* **WHAT IS BEING ASKED**: Return verbatim all lines from the first one in the records to the line with "Simple Graceful Red", both ends kept.

[Records from a collection]
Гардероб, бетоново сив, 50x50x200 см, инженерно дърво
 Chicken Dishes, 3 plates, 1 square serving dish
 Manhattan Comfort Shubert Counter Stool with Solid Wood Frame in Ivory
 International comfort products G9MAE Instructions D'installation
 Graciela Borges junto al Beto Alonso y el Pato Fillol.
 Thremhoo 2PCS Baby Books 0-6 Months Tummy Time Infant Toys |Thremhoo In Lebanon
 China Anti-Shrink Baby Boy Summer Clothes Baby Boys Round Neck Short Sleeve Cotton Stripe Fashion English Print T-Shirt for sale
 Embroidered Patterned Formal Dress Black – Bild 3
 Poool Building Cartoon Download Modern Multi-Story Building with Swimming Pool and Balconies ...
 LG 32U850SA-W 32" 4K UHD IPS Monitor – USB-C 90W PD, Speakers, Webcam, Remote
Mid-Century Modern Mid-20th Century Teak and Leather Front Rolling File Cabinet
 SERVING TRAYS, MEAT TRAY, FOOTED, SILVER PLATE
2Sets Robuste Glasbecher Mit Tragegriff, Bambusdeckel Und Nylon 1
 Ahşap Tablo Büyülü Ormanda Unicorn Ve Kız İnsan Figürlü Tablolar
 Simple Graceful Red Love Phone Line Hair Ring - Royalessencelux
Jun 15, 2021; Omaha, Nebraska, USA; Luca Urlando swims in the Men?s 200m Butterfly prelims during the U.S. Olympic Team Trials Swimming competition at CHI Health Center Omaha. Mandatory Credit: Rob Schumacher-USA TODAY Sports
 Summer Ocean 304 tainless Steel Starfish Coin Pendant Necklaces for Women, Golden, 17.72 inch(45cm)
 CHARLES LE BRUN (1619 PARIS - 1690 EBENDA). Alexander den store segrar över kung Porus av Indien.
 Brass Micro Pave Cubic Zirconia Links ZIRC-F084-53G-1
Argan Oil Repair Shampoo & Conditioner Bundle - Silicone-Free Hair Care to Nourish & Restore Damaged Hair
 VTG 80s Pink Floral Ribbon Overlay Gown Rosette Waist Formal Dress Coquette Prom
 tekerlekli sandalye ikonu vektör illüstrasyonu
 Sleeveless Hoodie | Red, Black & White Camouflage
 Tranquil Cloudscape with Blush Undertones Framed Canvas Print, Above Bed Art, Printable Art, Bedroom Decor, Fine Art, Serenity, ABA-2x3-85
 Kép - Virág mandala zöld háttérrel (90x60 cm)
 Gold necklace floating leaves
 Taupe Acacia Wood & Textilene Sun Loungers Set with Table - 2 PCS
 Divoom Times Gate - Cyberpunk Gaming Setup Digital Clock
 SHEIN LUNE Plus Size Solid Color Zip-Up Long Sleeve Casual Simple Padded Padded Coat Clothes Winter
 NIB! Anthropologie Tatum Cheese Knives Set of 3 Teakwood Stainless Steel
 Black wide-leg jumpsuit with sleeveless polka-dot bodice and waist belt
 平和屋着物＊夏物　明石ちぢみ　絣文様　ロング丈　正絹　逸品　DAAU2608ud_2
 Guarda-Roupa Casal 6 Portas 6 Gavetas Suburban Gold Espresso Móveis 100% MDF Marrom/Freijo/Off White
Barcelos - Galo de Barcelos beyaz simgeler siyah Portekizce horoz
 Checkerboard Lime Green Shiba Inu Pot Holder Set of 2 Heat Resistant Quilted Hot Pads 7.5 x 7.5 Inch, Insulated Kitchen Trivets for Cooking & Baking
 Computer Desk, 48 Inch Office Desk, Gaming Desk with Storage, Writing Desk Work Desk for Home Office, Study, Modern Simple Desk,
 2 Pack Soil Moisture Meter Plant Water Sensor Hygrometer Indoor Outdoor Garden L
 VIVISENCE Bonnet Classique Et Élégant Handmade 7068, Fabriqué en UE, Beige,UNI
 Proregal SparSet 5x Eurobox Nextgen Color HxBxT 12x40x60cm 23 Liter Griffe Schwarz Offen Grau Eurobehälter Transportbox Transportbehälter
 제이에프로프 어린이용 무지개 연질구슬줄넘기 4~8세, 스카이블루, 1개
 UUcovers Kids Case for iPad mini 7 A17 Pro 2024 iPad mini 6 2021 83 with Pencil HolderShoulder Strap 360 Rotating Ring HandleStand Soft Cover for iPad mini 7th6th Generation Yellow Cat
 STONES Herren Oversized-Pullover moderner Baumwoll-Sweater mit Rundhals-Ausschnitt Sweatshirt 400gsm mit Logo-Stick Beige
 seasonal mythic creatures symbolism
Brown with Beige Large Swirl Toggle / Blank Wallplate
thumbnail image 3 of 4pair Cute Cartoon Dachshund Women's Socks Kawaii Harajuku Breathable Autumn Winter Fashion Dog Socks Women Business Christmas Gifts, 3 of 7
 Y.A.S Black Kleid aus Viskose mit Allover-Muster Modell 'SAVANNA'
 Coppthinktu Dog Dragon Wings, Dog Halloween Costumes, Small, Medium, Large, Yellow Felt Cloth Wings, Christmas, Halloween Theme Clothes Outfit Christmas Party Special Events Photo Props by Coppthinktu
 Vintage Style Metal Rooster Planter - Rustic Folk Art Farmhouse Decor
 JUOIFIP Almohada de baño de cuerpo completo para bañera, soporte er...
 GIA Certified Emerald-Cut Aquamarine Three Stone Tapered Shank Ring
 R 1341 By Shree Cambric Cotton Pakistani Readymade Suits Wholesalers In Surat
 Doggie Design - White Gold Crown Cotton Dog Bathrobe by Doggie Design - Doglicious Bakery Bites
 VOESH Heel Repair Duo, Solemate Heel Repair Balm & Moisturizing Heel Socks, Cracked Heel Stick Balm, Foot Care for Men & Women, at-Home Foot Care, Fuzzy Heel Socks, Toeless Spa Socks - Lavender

* **RESPONSE TO THE TASK**:
Гардероб, бетоново сив, 50x50x200 см, инженерно дърво
 Chicken Dishes, 3 plates, 1 square serving dish
 Manhattan Comfort Shubert Counter Stool with Solid Wood Frame in Ivory
 International comfort products G9MAE Instructions D'installation
 Graciela Borges junto al Beto Alonso y el Pato Fillol.
 Thremhoo 2PCS Baby Books 0-6 Months Tummy Time Infant Toys |Thremhoo In Lebanon
 China Anti-Shrink Baby Boy Summer Clothes Baby Boys Round Neck Short Sleeve Cotton Stripe Fashion English Print T-Shirt for sale
 Embroidered Patterned Formal Dress Black – Bild 3
 Poool Building Cartoon Download Modern Multi-Story Building with Swimming Pool and Balconies ...
 LG 32U850SA-W 32" 4K UHD IPS Monitor – USB-C 90W PD, Speakers, Webcam, Remote
Mid-Century Modern Mid-20th Century Teak and Leather Front Rolling File Cabinet
 SERVING TRAYS, MEAT TRAY, FOOTED, SILVER PLATE
2Sets Robuste Glasbecher Mit Tragegriff, Bambusdeckel Und Nylon 1
 Ahşap Tablo Büyülü Ormanda Unicorn Ve Kız İnsan Figürlü Tablolar
 Simple Graceful Red Love Phone Line Hair Ring - Royalessencelux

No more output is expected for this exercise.